● DATA LISTING:
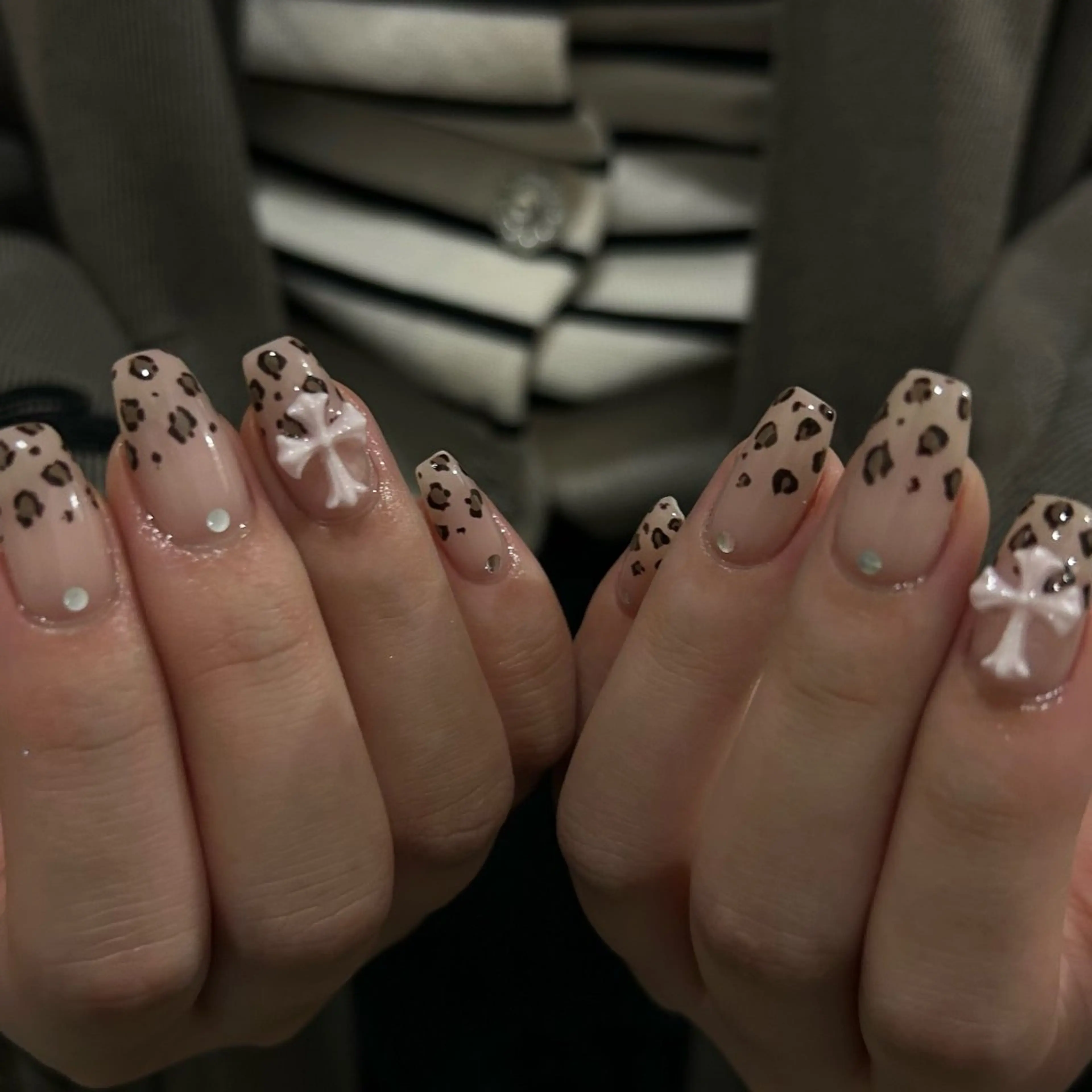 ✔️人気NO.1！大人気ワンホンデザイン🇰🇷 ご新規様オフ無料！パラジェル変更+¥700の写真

--

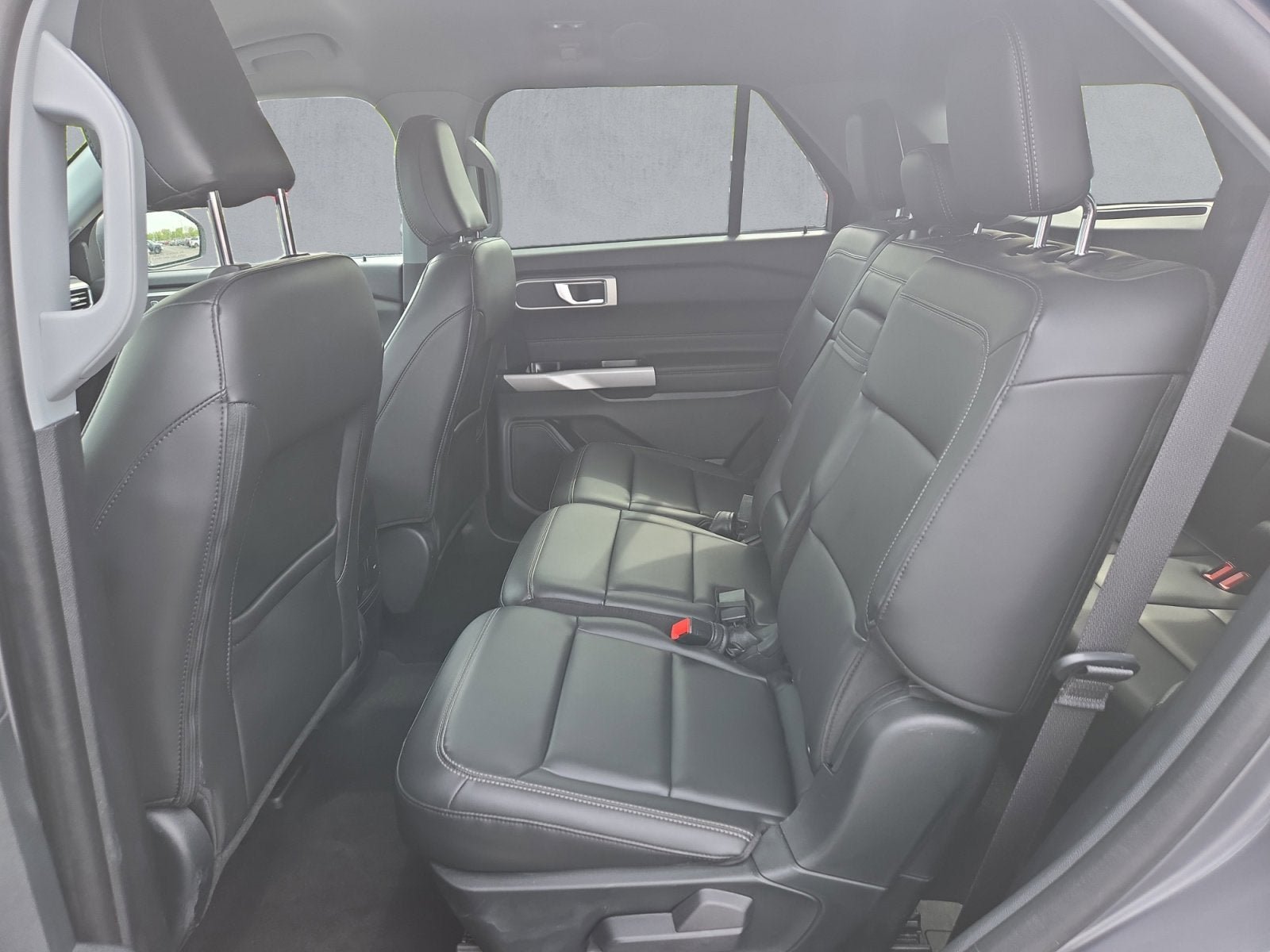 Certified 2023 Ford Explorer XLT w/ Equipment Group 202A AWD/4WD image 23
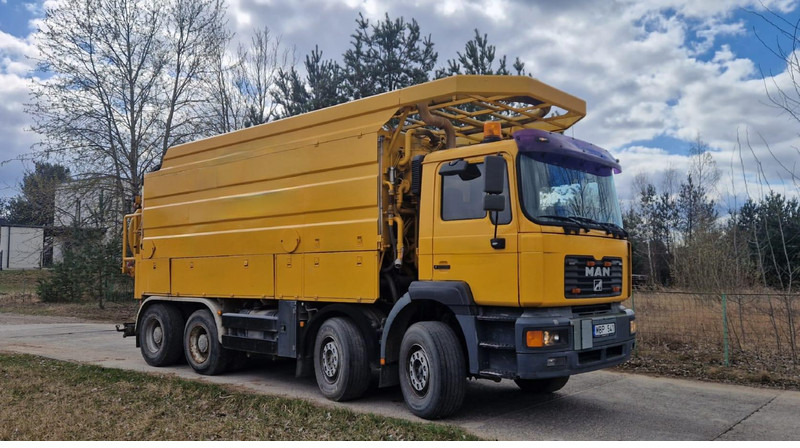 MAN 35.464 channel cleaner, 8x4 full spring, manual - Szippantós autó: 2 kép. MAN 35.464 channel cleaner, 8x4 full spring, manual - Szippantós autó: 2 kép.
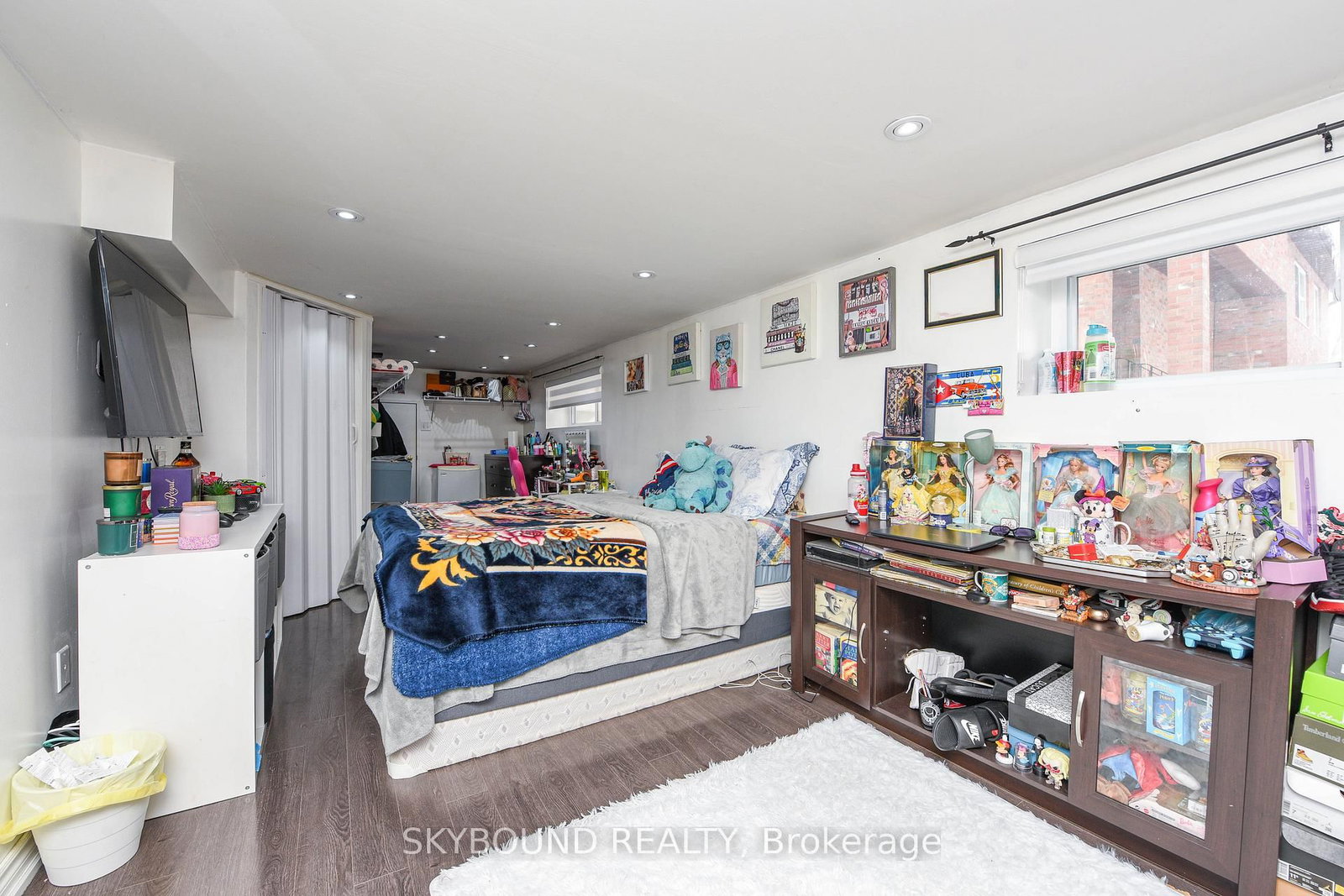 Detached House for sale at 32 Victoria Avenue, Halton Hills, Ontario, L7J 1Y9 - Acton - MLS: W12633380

...

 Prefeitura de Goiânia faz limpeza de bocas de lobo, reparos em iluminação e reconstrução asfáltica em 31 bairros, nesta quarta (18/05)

● WORK INSTRUCTION: Go back to the listing above and reproduce, exactly, the stretch from the line bearing "Certified 2023 Ford" through the line bearing "Detached House for", without its pictures.

● SOLVED EXERCISE:
 Certified 2023 Ford Explorer XLT w/ Equipment Group 202A AWD/4WD image 23
 MAN 35.464 channel cleaner, 8x4 full spring, manual - Szippantós autó: 2 kép. MAN 35.464 channel cleaner, 8x4 full spring, manual - Szippantós autó: 2 kép.
 Detached House for sale at 32 Victoria Avenue, Halton Hills, Ontario, L7J 1Y9 - Acton - MLS: W12633380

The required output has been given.